++++ Exercise materials ++++

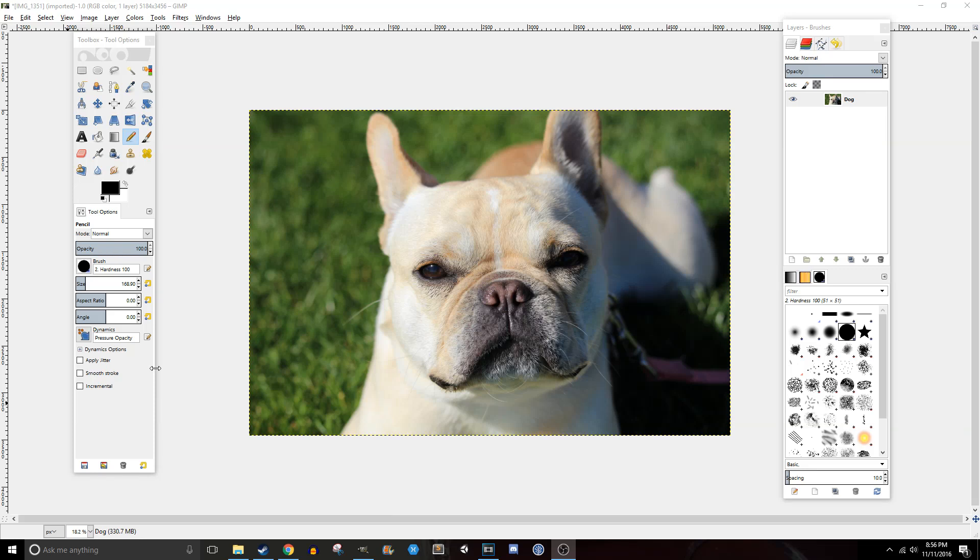What is going on you guys, Rochelle here, bringing you another GIMP tutorial today. Today I'll be covering transparency and layer masks.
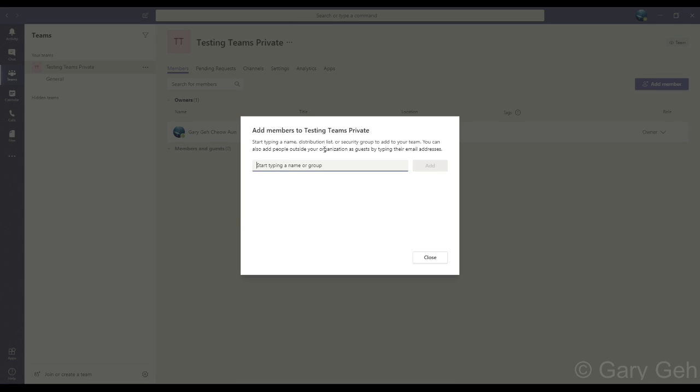Now I can add people to this team. I can add anybody from my Office 365 organization - that means anybody from my company or institution that is part of my organization's Office 365 plan. Now there is a feature that allows you to invite users who are not in your company's Office 365 plan. Those users are called guests, and that's a topic that we'll cover in a separate video in this course.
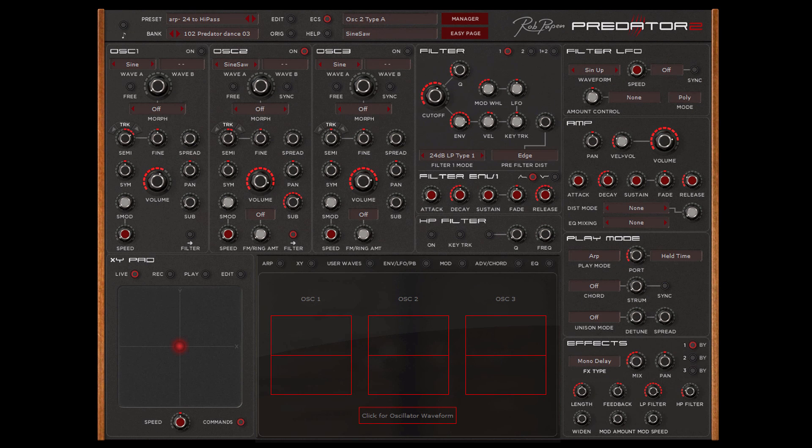Hello, Rob Harpen here. There are many ways to select Predator 2 presets and in this short video I will explain how it all works.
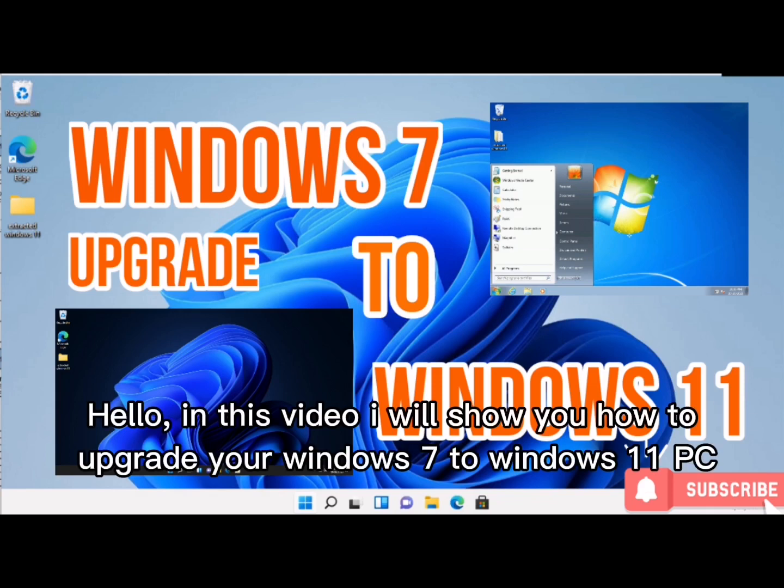Hello, in this video I will show you how to upgrade your Windows 7 to Windows 11 PC.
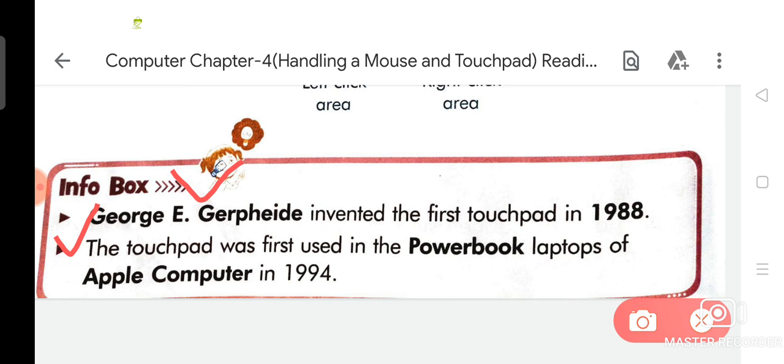So my dear students, the exercise of chapter number 4, that is Handling a Mouse and Touchpad, has completed. You will do the exercise of chapter number 4 in your PC copy. When school reopens, I will check your work.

++++

### What to do
Restate each entry word for word, please, but drop any images it holds.

### Expected answer
What is going on you guys, Rochelle here, bringing you another GIMP tutorial today. Today I'll be covering transparency and layer masks.
Now I can add people to this team. I can add anybody from my Office 365 organization - that means anybody from my company or institution that is part of my organization's Office 365 plan. Now there is a feature that allows you to invite users who are not in your company's Office 365 plan. Those users are called guests, and that's a topic that we'll cover in a separate video in this course.
Hello, Rob Harpen here. There are many ways to select Predator 2 presets and in this short video I will explain how it all works.
Hello, in this video I will show you how to upgrade your Windows 7 to Windows 11 PC.
So my dear students, the exercise of chapter number 4, that is Handling a Mouse and Touchpad, has completed. You will do the exercise of chapter number 4 in your PC copy. When school reopens, I will check your work.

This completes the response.